Ans. Julius Cæsar. His account is considered perfectly reliable, although, to render it more intelligible, he gives to the Celtic gods the names of the Greek and Roman divinities whom they resemble.

Ques. What were the principal characteristics of Druidism?

Ans. The belief in one Supreme Being: in the immortality of the soul, and a future state of rewards and punishments. This last doctrine takes with them, as with the Hindoos, the form of metempsychosis. The religion of the Druids was farther characterized by the use of circular temples, open at the top; the worship of fire as the emblem of the sun, and the celebration of the ancient Tauric festival, (held on the first of May, when the sun enters Taurus.)

Ques. What name did the Druids give to the Supreme Being?

Ans. Esus, or Hesus; although this is sometimes mentioned as the appellation of a subordinate divinity. Superior to the Roman Jupiter, or the Zeus of the Greeks, Esus had no parentage; was subject to no fate; he was free and self-existent, and the creation of the world was his own voluntary act. The Druids taught that excepting this Supreme God, all things had a beginning, but that nothing created would ever have an end. Notwithstanding these enlightened ideas, they reverenced many other divinities. The Assyrian Baal was worshipped among the Celts as Bel or Belen.
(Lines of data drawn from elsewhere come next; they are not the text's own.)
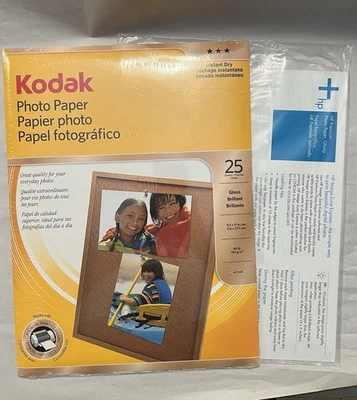 Paquete de 25 hojas nuevo de la marca Kodak + 2 hojas de papel fotográfico HP Foto 1 de 2
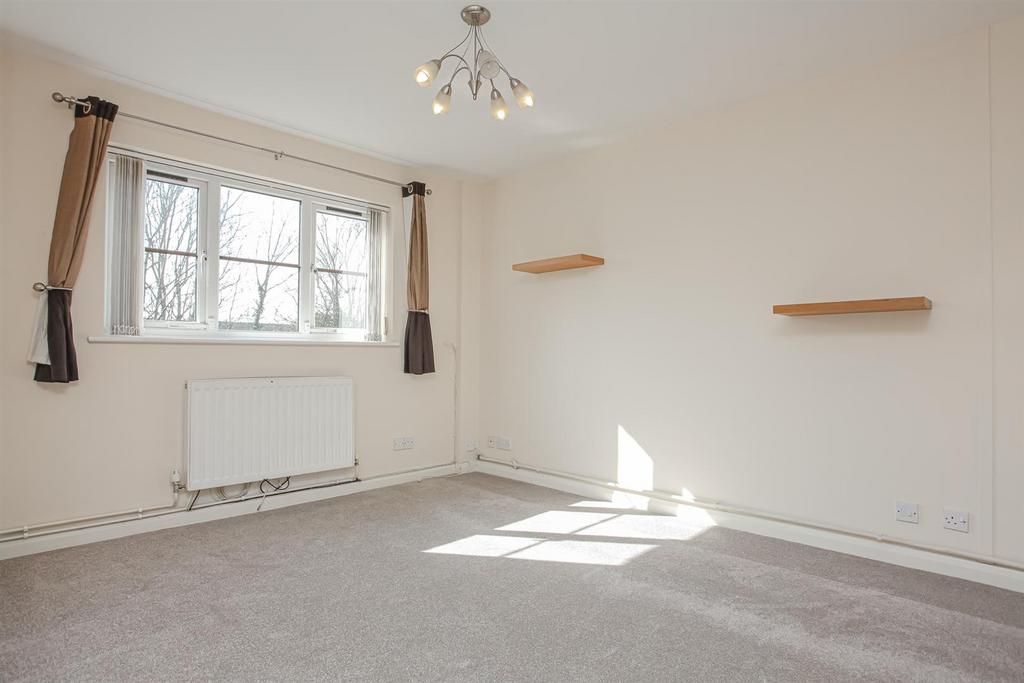 Flat 3, 54 Lyne Road (15).jpg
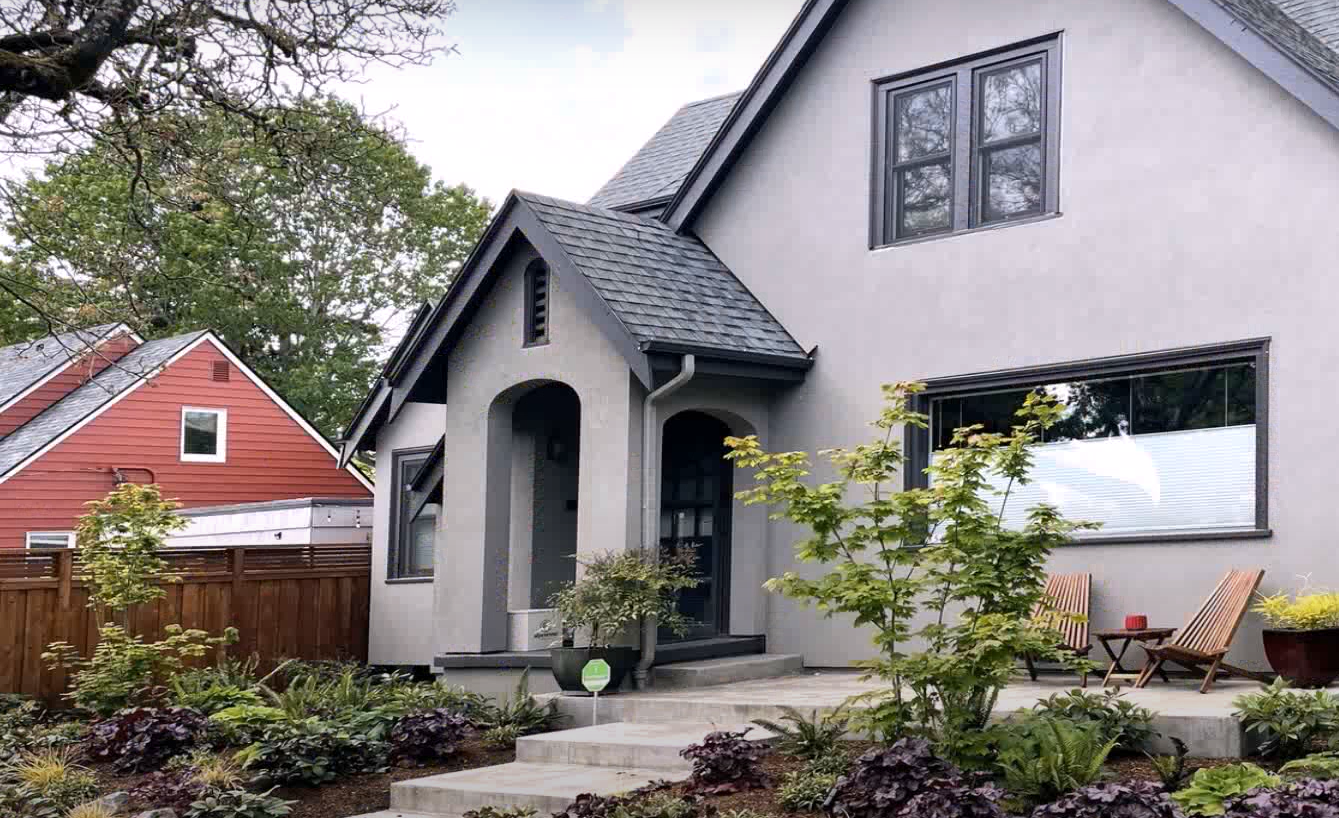 Corner Lot Landscaping Ideas - GardenProfy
As he represented the sun, the Romans recognized in him their god Apollo. Diodorus Siculus, a contemporary of Cæsar, makes the following statement on the authority of an ancient Greek writer.

“Apollo,” he says, “is worshipped with solemn rites by the inhabitants of a large island, which lies off the coast of Gaul, in the Northern Ocean. This island is inhabited by the Hyperboreans, so named because they live beyond the region of the north wind. The god has there a remarkable temple, circular in form, and a magnificent forest is consecrated to him.” It is generally supposed that the temple alluded to by Diodorus, was the Druidical circle of Stonehenge, of which we shall speak later.

Ques. Who was Teu´tates?

Ans. This name is thought to be derived from “Tut-tat,” signifying “parent of men.” This god was much honored by the Gauls, who attributed to him the invention of letters and poetry. According to the Triads, (Druidical verses,) he “wrote upon stone the arts and the sciences of the world.” In his more beneficent character, the name Gwyon was often given to this divinity. He resembles, both in name and attributes, Thoth, the Mercury of Egypt and Phœnicia. The ancient Gauls had no idols, nor did they ever attempt any visible representation of their deities. When the Romans established their own worship in the country, they endeavored, according to their usual policy, to conciliate the conquered tribes by adopting their gods, and placing their images in the temples which they built. We read that Zenodorus, a famous sculptor, said by some to have been a native of Gaul, executed a statue of Teu´tates which cost forty million sestertia. He spent six years upon this great work.

Camul, the Celtic Mars, Tarann, the god of thunder, and many other divinities of inferior rank, were worshipped in Gaul and Germany.